What is the motive force behind this report?
Trust between law enforcement agencies and the people they protect and serve is essential in a democracy. It is key to the stability of our communities, the integrity of our criminal justice system, and the safe and effective delivery of policing services.
True, true and true.
In light of the recent events that have exposed rifts in the relationships between local police and the communities they protect and serve, on December 18, 2014, President Barack Obama signed an Executive Order establishing the Task Force on 21st Century Policing.
But to the observant, “recent events” were not necessary to bring this lack of trust to light.
In establishing the task force, the President spoke of the distrust that exists between too many police departments and too many communities—the sense that in a country where our basic principle is equality under the law, too many individuals, particularly young people of color, do not feel as if they are being treated fairly.
The report offers six “Pillars” and a recommendation for implementation of the entire program. I will briefly introduce these. Each “pillar” is followed by several recommendations and action items – none of which will solve the underlying problems; instead all will only expand the bureaucracy behind the problems – opportunities for hundreds of millions of dollars for consulting contracts, billions of dollars in funds transferred from the federal government to local agencies, and the pretense that something is being done.
In other words, fertile ground for a false flag event. Or, maybe, just making lemonade out of lemons.
There is little to no mention of recommendations and action items that will most quickly and efficiently improve the situation, for example:
· Eliminate all laws regarding victimless crimes;
· Ensure everyone is equal under the law – having a badge confers no special privilege;
· Eliminate minimum wage laws;
· Eliminate federal and state programs that subsidize behavior destructive toward personal responsibility and the family as the fundamental building block of a civilized society.
Of course, each of these would reduce government power, so they won’t be found in the report (with one tepid exception).
With that, let’s begin.
Pillar One: Building Trust & Legitimacy
Procedurally just behavior is based on four central principles:
1. Treating people with dignity and respect
2. Giving individuals ‘voice’ during encounters
3. Being neutral and transparent in decision making
4. Conveying trustworthy motives
Talk about dreamland! While this might have been true of “peace officers” 50 or 100 years ago (think Andy Griffith or the neighborhood beat cop), very few people observant would describe interaction with today’s law enforcement officer in anything approaching these terms.

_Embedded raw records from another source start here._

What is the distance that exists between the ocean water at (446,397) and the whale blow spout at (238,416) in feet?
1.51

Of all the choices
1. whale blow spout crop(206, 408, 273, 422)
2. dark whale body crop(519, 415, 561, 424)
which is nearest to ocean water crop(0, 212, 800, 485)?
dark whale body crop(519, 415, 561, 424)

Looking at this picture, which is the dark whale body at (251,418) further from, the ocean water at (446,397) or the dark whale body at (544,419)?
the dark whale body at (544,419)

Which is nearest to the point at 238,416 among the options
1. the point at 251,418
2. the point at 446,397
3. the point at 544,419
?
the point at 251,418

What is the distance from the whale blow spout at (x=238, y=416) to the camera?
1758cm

Research demonstrates that these principles lead to relationships in which the community trusts that officers are honest, unbiased, benevolent, and lawful. The community therefore feels obligated to follow the law and the dictates of legal authorities and is more willing to cooperate with and engage those authorities because it believes that it shares a common set of interests and values with the police.

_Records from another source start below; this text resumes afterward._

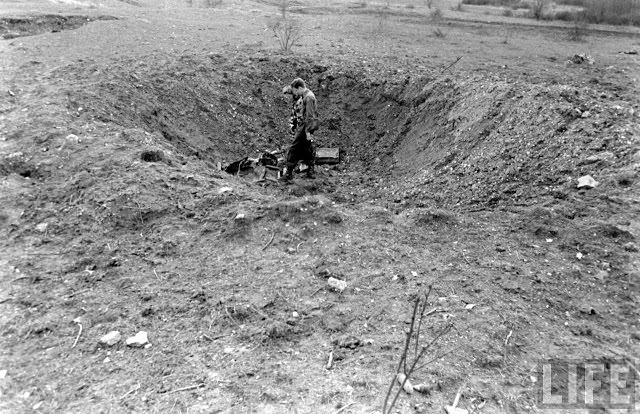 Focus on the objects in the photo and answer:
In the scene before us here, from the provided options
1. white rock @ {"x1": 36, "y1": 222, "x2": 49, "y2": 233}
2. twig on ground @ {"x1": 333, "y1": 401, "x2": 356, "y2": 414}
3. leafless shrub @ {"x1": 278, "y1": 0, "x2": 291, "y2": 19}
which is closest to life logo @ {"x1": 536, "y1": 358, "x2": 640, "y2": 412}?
twig on ground @ {"x1": 333, "y1": 401, "x2": 356, "y2": 414}

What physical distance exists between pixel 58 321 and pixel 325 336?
221cm

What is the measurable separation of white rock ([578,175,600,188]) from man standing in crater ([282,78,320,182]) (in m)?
3.74

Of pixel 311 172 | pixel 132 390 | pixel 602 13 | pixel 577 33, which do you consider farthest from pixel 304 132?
pixel 602 13

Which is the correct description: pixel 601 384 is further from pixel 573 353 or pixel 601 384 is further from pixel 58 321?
pixel 58 321

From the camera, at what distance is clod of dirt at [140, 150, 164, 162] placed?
628 cm

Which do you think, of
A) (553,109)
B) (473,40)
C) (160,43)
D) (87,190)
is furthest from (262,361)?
(473,40)

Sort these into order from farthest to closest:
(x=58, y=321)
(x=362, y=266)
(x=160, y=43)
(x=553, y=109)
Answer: (x=160, y=43), (x=553, y=109), (x=362, y=266), (x=58, y=321)

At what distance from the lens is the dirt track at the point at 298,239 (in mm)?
3516

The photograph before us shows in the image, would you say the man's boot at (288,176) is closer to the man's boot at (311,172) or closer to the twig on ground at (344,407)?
the man's boot at (311,172)

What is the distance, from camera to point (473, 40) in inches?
556

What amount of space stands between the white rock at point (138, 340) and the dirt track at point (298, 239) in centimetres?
8

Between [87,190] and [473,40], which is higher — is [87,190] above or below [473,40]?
below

Have you seen what police officers wear these days, even in the most casual setting? Two visible firearms and a thick vest is the minimum. Have you looked inside the vehicle? More surveillance and communication equipment than what was available to a crackpot dictator even a couple of decades ago. And, when they have their dander up, they make the US military look like Mary Poppins.

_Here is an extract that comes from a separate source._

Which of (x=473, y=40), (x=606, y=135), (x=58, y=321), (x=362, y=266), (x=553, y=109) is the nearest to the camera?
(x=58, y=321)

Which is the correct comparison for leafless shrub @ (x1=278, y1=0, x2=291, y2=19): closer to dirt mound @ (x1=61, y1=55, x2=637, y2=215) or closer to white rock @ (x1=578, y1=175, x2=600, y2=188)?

A most radical devolution is required to achieve the aforementioned “four central principles.” Such a recommendation would offer an unequivocal stand against intimidation in appearance and interaction – both in the approach taken by individual officers and in the equipment available to and utilized by them. No such recommendation is found in the report.
Pillar Two: Policy & Oversight
Paramount among the policies of law enforcement organizations are those controlling use of force. Not only should there be policies for deadly and nondeadly uses of force but a clearly stated “sanctity of life” philosophy must also be in the forefront of every officer’s mind.
Why do there need to be “policies”? What about just relying on the law, the same one that binds the rest of us?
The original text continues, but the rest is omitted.